> **GOAL OF THE EXERCISE**: In the data below, one line contains "Stellenbosch Wineland.jpg" and a later one contains "Twee lieve kittens, Dieren". Print both, with every line between them, exactly and alone.

> **LISTED RECORDS**:
BEGIN
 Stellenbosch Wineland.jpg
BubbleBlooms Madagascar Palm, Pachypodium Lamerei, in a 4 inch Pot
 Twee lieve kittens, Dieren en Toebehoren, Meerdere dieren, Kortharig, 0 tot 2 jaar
END
BEGIN
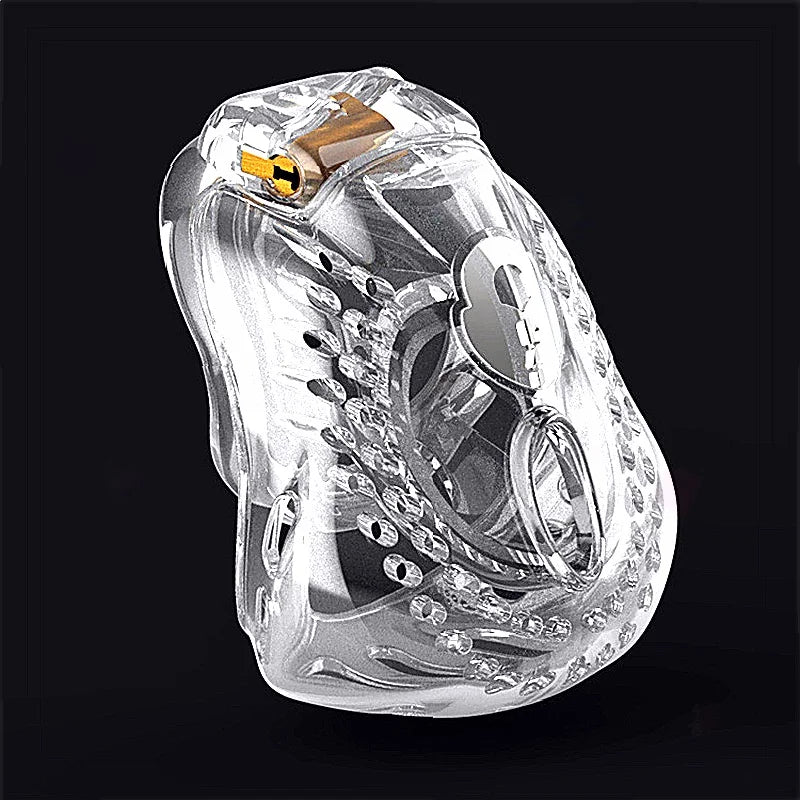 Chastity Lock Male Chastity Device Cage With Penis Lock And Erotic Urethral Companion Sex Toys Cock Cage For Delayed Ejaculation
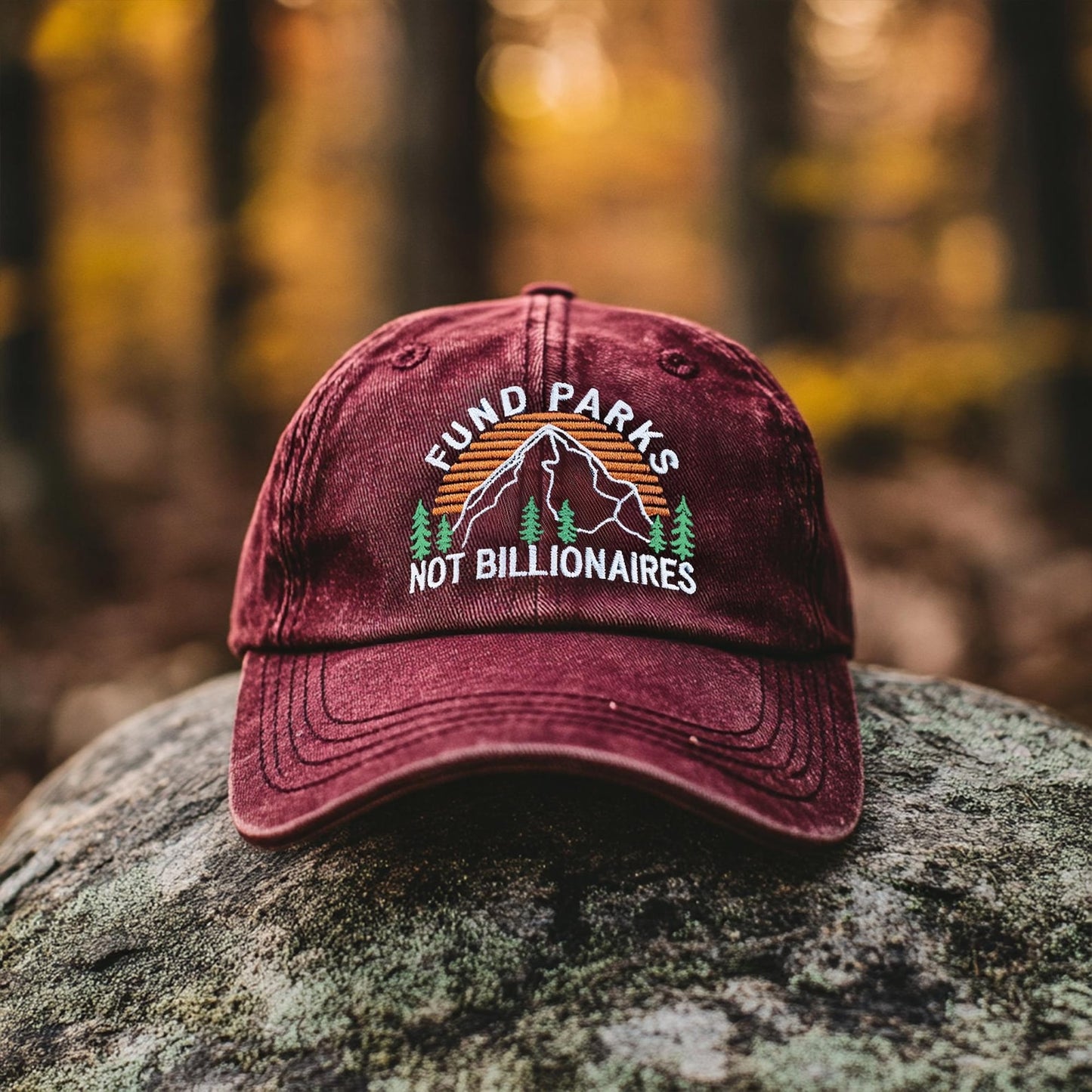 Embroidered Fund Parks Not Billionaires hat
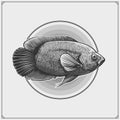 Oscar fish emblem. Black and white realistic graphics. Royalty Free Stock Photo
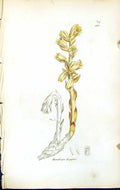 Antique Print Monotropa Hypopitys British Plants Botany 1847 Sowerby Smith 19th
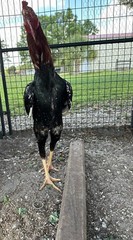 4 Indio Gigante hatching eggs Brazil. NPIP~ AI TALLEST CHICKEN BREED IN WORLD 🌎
END
> **SOLUTION TO THIS PROBLEM**:
 Stellenbosch Wineland.jpg
BubbleBlooms Madagascar Palm, Pachypodium Lamerei, in a 4 inch Pot
 Twee lieve kittens, Dieren en Toebehoren, Meerdere dieren, Kortharig, 0 tot 2 jaar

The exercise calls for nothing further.